The trajectories of Bohmian Mechanics are simply a particular choice of probability current. You could measure position at any time and associate a trajectory with that result and look at the path forwards or backwards.

The so called probability current was already there in any interpretation. And Bohmian Mechanics doesn't use the trajectories to make any new different predictions. Just like every other interpretation.

So it isn't about correctness. It's about how some people looked at pictures and said "that's a weird looking picture" as if that mattered. Now you can do experiments where the picture is more closely related to actual experimental results. So it seems less weird when there is data that has similarly shaped results.

But you could get those predictions even without saying the particles move on those trajectories. When you focus on the experimental results, all the different interpretations agree. So the results aren't evidence for any one over the others.

If someone wants to think that results just appear sometimes with certain frequencies and correlations (like Copenhagen does) then no evidence can ever refute that. And similarly you can make a theory where things act a certain way that produces the same results with certain frequencies and that doesn't show the theory is correct about how the things acted other than the fact that you got the results you did with the frequencies you got.

The story can look less weird when the pictures can line up with some experiments. But there will always be a boundary between results and the many many ways the universe could be that are consistent with those results. And nothing will distinguish between them. Which is fine. Use whichever is easier to compute, or teach, or remember, or catch mistakes, or make new discoveries, or modify into new theories. Or use different ones for different situations. Just don't think your evidence is more than it is.

It was never right to object that the trajectories look weird. Now it's a little bit easier to show people that was a wrong objection. But if they couldn't see that before then I'm not sure you've accomplished anything. People shouldn't get too excited about the parts of a theory that aren't used to make a prediction.

Does this paper show that Bohmian mechanics is correct and that the standard interpretation is not?

Again, different interpretations make the same predictions.
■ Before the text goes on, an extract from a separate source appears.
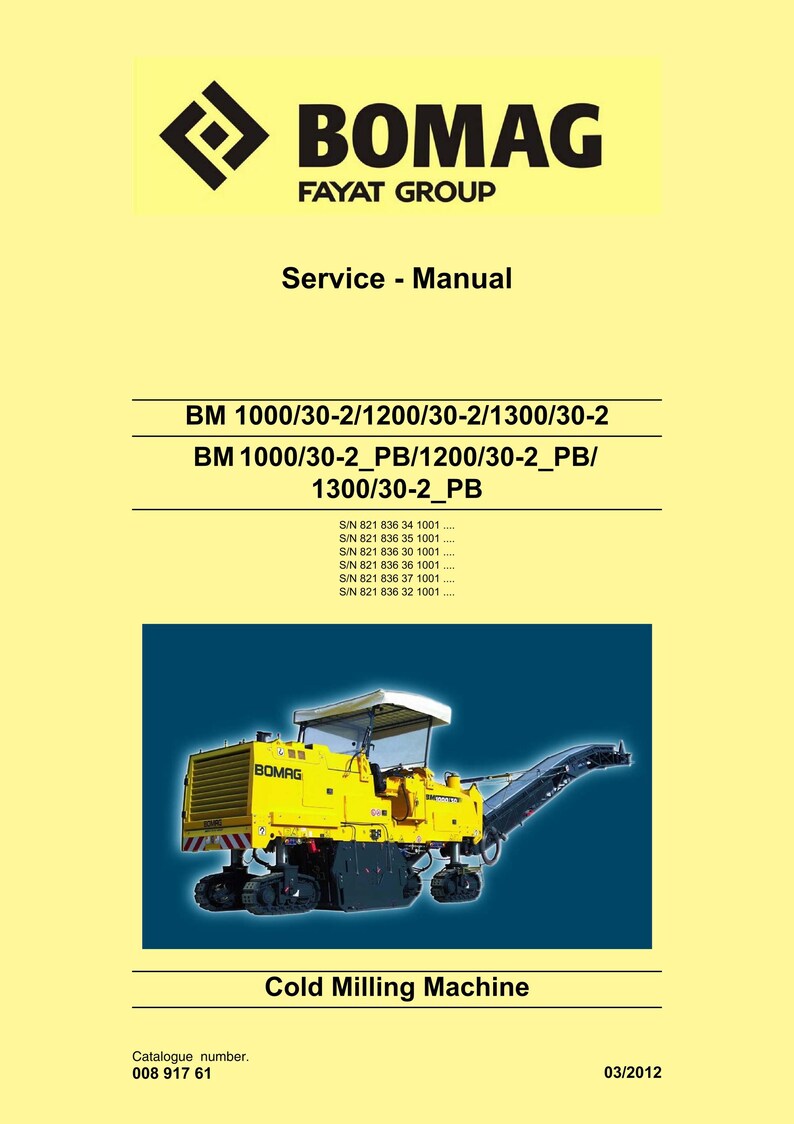 Bomag BM1300/30-2 Cold Planer Pdf Repair Service Manual 00891761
In Bohmian mechanics you handle weak measurements and strong measurements the same way: by writing down the wave function of the combined system of subject and device and writing down the evolution as determined by the Hamiltonian of the joint system (which every interpretation does, so weak measurements aren't mysterious in the slighest) and then adding the one ingredient of Bohmian mechanics. Which is to consider a distribution of initial positions to consider special, and the streamlines of these initial positions evolves to give a distribution on final positions, and which of the separated packets this final position is in tells you which outcome to consider special.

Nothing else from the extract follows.